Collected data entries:
+--

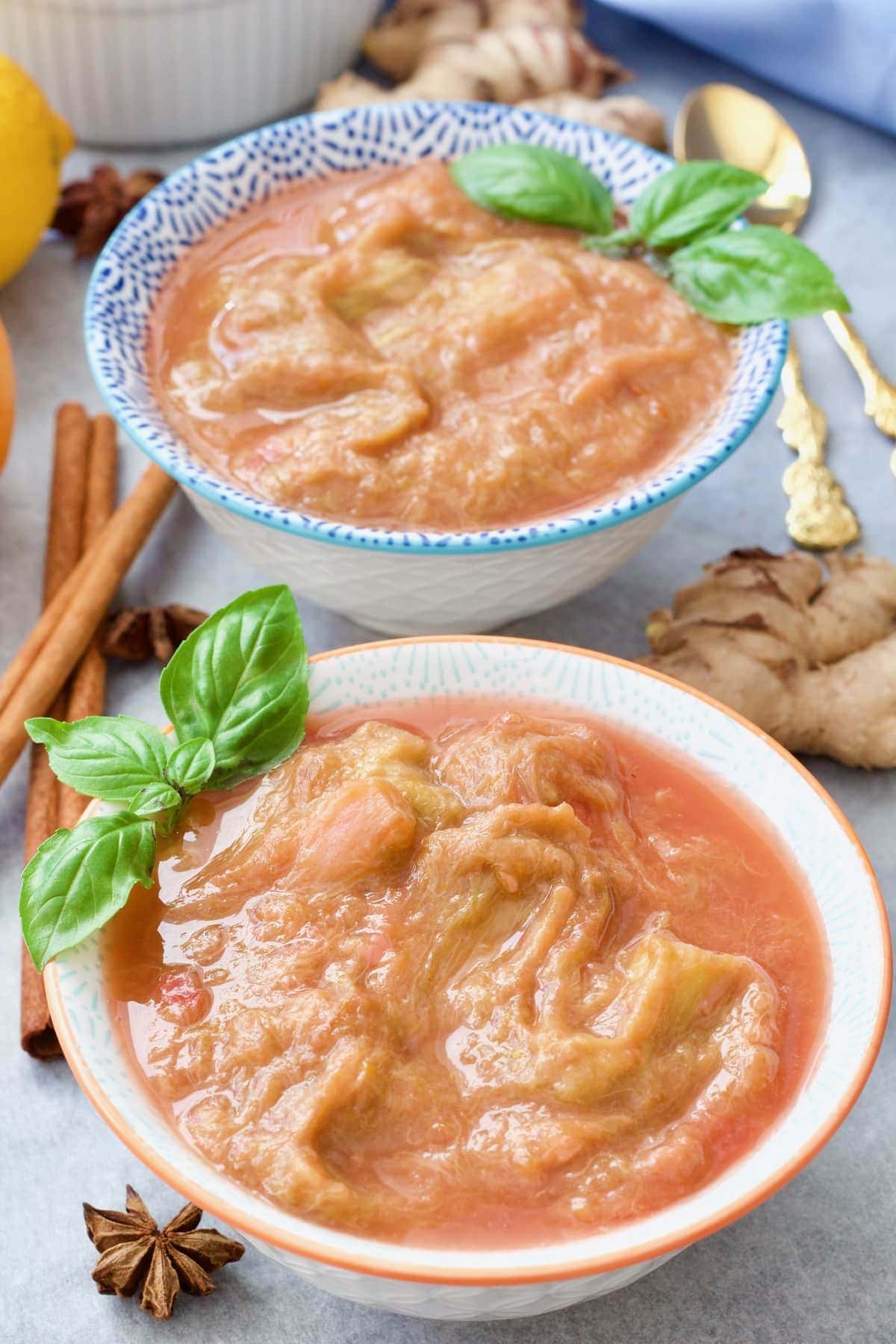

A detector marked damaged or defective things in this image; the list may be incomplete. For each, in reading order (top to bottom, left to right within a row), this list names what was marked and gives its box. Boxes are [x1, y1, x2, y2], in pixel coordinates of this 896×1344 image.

broken cinnamon stick piece [21, 403, 92, 1054]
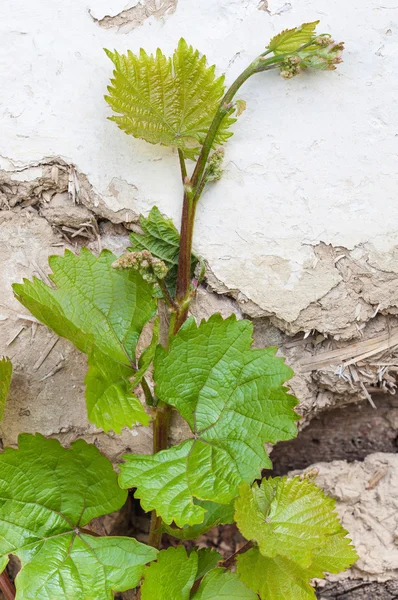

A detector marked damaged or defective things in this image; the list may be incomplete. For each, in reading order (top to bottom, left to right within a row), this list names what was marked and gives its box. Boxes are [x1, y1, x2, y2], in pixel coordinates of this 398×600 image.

peeling white paint [0, 0, 398, 328]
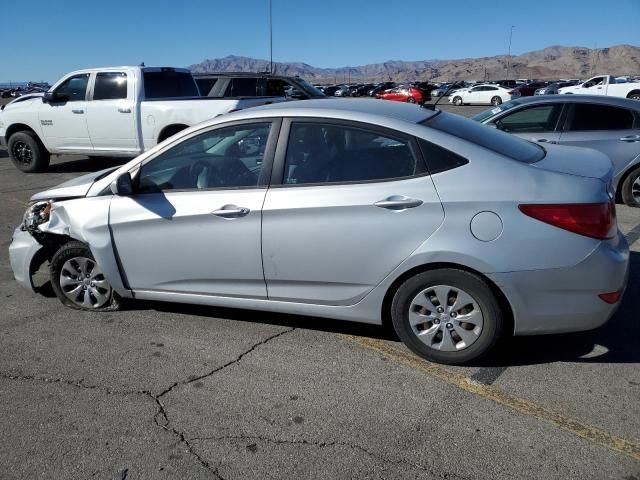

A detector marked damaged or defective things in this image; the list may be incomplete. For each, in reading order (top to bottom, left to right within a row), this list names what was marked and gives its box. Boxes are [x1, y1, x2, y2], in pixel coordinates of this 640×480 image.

dented hood [29, 167, 116, 201]
broken headlight [21, 201, 52, 232]
crack in asphalt [0, 328, 296, 478]
crack in asphalt [188, 434, 468, 478]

+--

Lines from the one containing "this 640×480 image." through the final line of the entries above are to be output exactly; omit all others.

A detector marked damaged or defective things in this image; the list may be incomplete. For each, in reading order (top to bottom, left to right within a row), this list names what was marked and gives its box. Boxes are [x1, y1, x2, y2], in pixel coordinates of this 640×480 image.

dented hood [29, 167, 116, 201]
broken headlight [21, 201, 52, 232]
crack in asphalt [0, 328, 296, 478]
crack in asphalt [188, 434, 468, 478]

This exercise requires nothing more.